- **WORK TASK**: With the images removed, return every line below exactly as it reads.

- **DATA SEGMENT**:

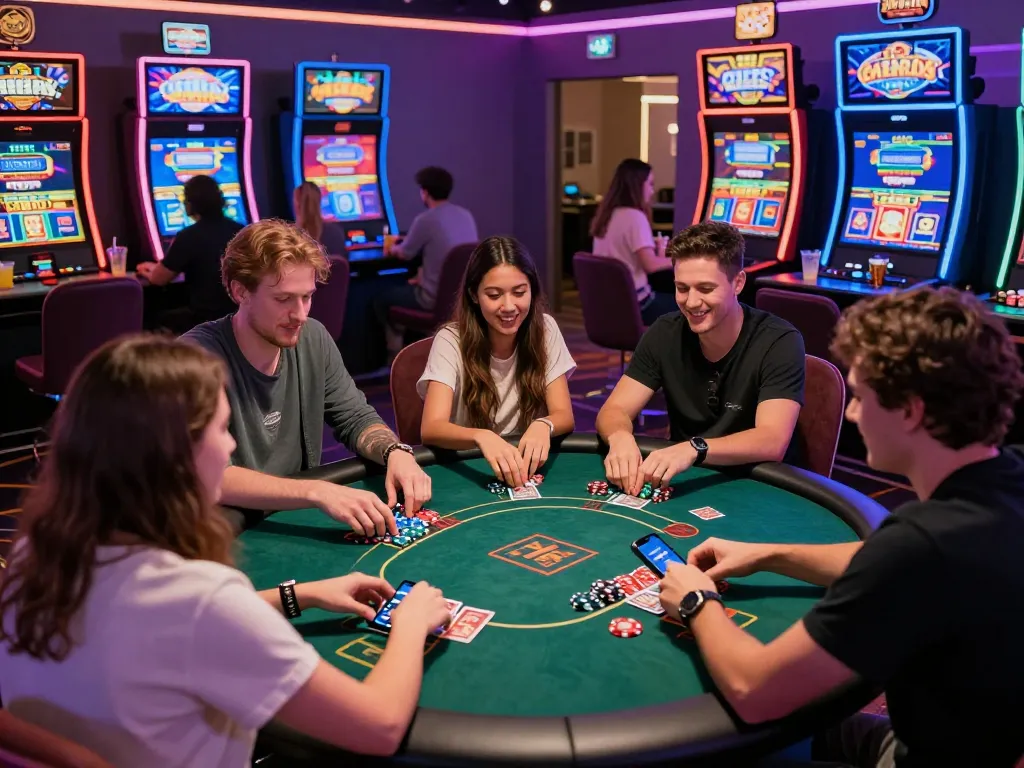 Diverse group enjoying MM88 gaming experience at a vibrant online casino.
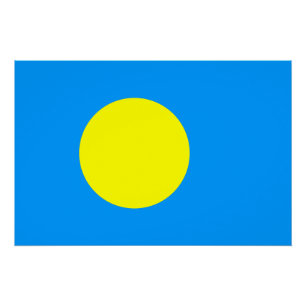 Palau Flag Poster
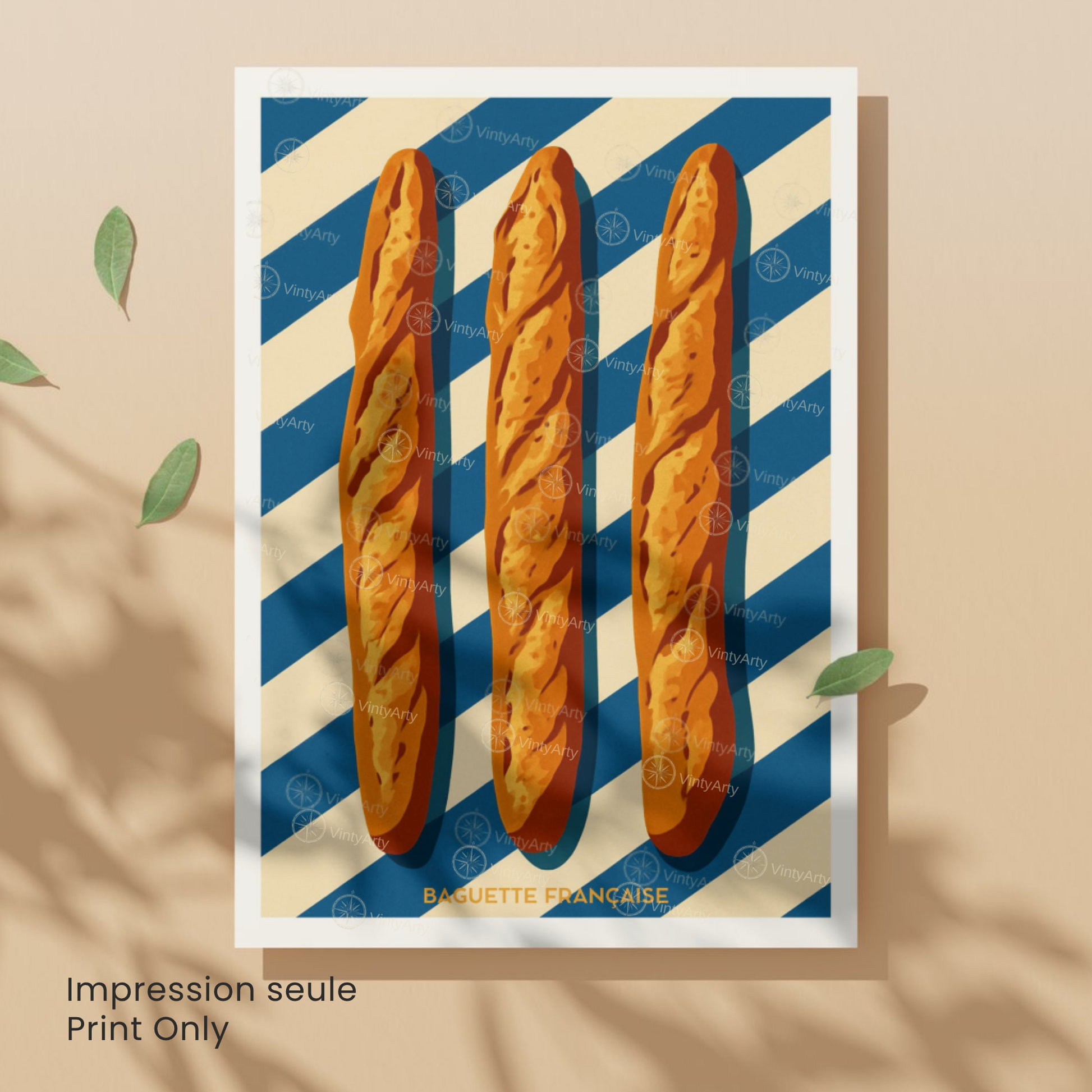 Affiche Paris | Poster artistique baguette française | Affiche France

- **WRITTEN ANSWER**:
 Diverse group enjoying MM88 gaming experience at a vibrant online casino.
 Palau Flag Poster
 Affiche Paris | Poster artistique baguette française | Affiche France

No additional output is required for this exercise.